Nechodom, the husband of former California Secretary of State Debra Bowen, was appointed by Governor Jerry Brown in December 2011 after the dismissal of Acting Director Derek Chernow for taking a harder line on hydraulic fracturing (fracking) than his boss wanted. Chernow and Elena Miller, chief of the department’s Division of Oil, Gas and Geothermal Resources (DOGGR), were fired for their reluctance to grant expedited oil and gas drilling permits.
At the time, industry critic Dan Bacher called it “a move that reeks of political cronyism and demonstrates the inordinate power of the oil industry.” DOGGR, understaffed and underfunded, has long been accused by environmentalists of being too cozy with the industry it regulates.

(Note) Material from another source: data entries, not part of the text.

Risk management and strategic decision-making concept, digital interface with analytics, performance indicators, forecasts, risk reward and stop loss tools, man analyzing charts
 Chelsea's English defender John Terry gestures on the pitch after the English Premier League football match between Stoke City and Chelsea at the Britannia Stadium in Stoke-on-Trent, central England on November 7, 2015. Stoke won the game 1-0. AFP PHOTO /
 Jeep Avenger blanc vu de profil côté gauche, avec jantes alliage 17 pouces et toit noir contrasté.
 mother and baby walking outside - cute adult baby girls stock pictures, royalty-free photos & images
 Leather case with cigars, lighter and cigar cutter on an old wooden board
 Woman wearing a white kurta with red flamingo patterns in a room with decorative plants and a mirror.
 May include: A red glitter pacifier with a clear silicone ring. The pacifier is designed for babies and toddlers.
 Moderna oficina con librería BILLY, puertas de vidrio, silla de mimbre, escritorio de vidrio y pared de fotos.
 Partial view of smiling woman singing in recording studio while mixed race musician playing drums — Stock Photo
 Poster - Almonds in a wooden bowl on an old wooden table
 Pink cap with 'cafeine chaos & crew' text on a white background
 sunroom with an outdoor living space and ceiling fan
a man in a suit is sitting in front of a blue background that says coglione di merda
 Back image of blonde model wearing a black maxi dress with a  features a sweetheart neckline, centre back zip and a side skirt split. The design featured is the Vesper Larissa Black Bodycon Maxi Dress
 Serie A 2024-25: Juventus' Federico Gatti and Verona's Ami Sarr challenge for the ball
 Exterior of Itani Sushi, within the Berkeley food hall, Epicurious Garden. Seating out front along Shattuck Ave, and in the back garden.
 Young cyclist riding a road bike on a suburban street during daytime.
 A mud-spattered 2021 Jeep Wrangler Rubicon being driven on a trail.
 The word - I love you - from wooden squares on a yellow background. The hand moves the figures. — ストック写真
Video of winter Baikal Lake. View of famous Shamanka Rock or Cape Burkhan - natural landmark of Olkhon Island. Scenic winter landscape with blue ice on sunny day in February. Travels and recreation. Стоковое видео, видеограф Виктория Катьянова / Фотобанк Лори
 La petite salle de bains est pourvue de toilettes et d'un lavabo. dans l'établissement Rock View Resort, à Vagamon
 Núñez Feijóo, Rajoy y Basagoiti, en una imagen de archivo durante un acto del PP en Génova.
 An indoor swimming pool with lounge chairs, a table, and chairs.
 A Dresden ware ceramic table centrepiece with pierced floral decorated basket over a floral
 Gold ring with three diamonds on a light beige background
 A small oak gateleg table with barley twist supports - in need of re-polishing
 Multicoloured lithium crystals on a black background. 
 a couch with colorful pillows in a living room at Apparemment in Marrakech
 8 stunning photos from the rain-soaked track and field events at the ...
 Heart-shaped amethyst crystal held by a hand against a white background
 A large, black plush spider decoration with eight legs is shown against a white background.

The steady stream of complaints about various aspects of DOGGR’s industry oversight gushed wildly last year when the state finally got around to surveying where drillers were sinking their wells, what kind of toxic materials were being injected into the ground as part of the process, and where the stuff ended up.
After looking at 50,000 injection wells, the regulators determined that up to 2,500 might be pumping wastewater without permits or with permits they shouldn’t have. The fear is that they are ruining healthy aquifers that are suitable for drinking and irrigation. Twenty-three of the more egregious wells were shut down, while DOGGR set up a lengthy review schedule for others that critics called dangerously inadequate.
Last week, the Committee to Protect Our Agricultural Water filed a federal lawsuit against state officials, including Nechodom, Chevron, Occidental Oil and the Western States Petroleum Association, alleging a criminal conspiracy to get around the federal Safe Drinking Water Act by not properly enforcing permit requirements in the San Joaquin Valley. The group of Kern County farmers filed their civil Racketeer Influenced and Corrupt Organizations (RICO) case in U.S. District Court California Central District.
The lawsuit alleges, “Every month, Occidental and Chevron directly pump 2.63 times more toxic waste water into the San Joaquin Aquifer than oil released into the Gulf during the entire BP spill.”
The lawsuit notes that after Governor Brown filed DOGGR chief Miller for not granting permits without required geological and engineering studies from drillers, her successor granted 1,575 of them, compared to 50 in a typical year. The permit process would have exposed that companies were illegally dumping wastewater into aquifers, the lawsuit claims.
Another lawsuit was filed last month by the Sierra Club and the Center for Biological Diversity in response to DOGGR’s new “emergency” drilling regulations that let the drilling continue. The new rules pretty much allow business as usual until February 2017, according to a lawsuit (pdf) and a preliminary injunction request filed by Earthjustice on behalf of the environmental groups. They were published in April after just five days of public notice, due to their emergency nature.